The current decade has brought many changes to the parish. Two new associates joined us, Father Robert Marchwianny and Father Mariusz Nawalaniec. The Polish population increased, a second Mass in Polish was added each weekend, and bi-lingual masses were introduced for Holy Saturday and other special occasions.
The Lenten Fish Fry Friday’s were followed by Soup and Salad Saturdays, and several parish picnics. The parish carnival of 2005 was the last for a couple of years as Oktoberfest and Summer Fest replaced it. The annual St.
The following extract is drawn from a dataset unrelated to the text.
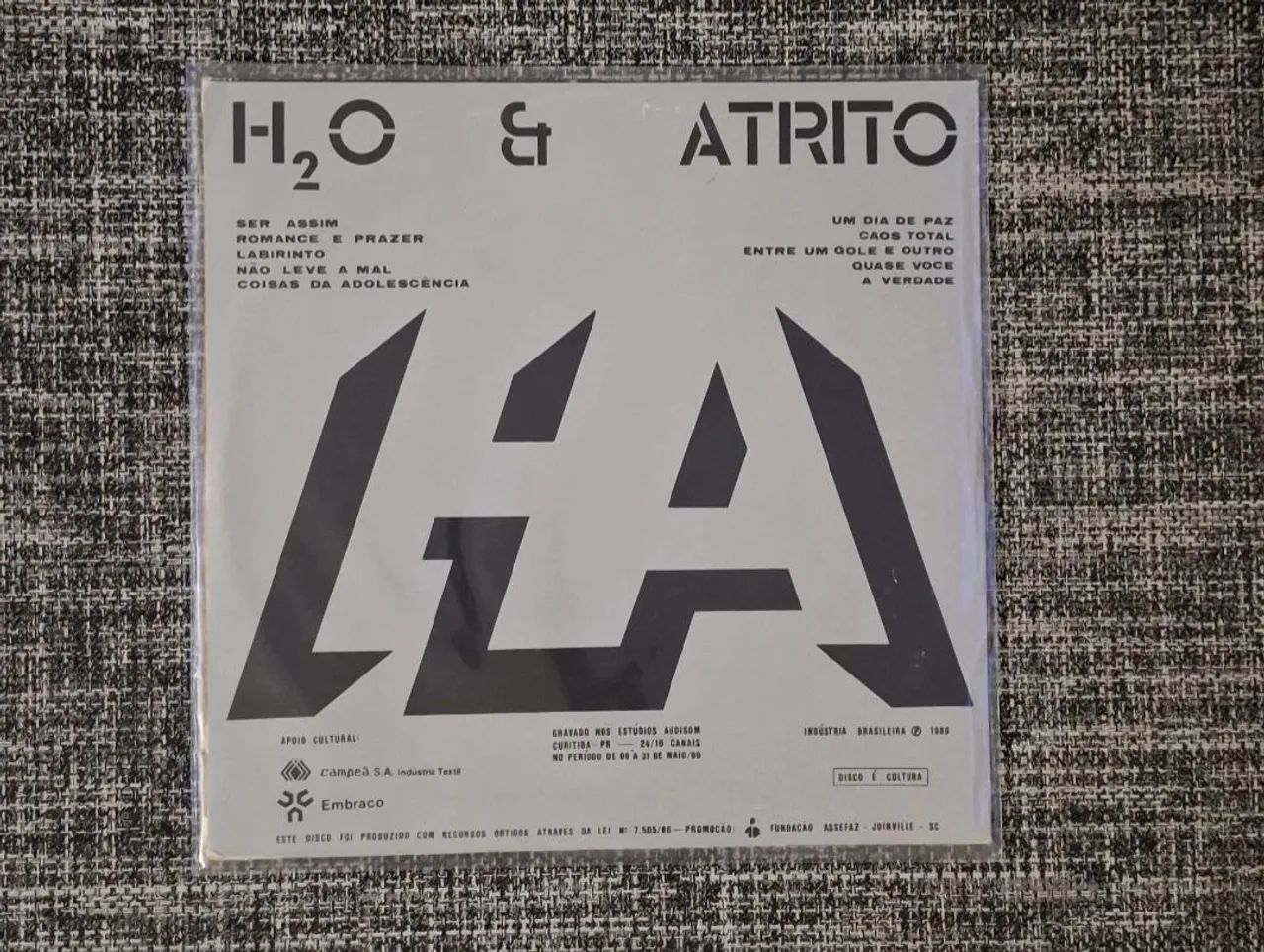LP H?O & ATRITO - RARO E ORIGINAL (1989)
Joseph Table made a comeback in 2006 after several years, and the carnival returned in 2007.
As Administrator, Father Mike Adams helped the parish through a difficult transition period and was with us for twenty one months until Father Richard Milek our current administrator joined us.
The decade produced losses also, as many long time parish leaders such as Therese Wielgos, Charlotte Lagodny, Pat Schall, Rita Francone, Bill Flaherty, Al Steffek, Bruno Magda and Sister Michael Mary Madden went home to God. Former associate Father Frank Plotka also passed away. Deeply felt was the loss of our long time music director Carolyn Farmer who succumbed to her long battle with cancer.
Faith and hope prevail and the future of St. Albert the Great Parish is secure. The entire parish debt was paid off with the help of pledges from over a thousand parishioners including several large donations, allowing for additional infrastructure improvements. A sizeable endowment fund for the school was the gift of a deceased parishioner. The spirit of those energetic, dedicated Catholics whose vision and hard work built the church of St. Albert the Great is still felt in this 60th Jubilee Year. May the Good Lord continue to shower us with His blessings.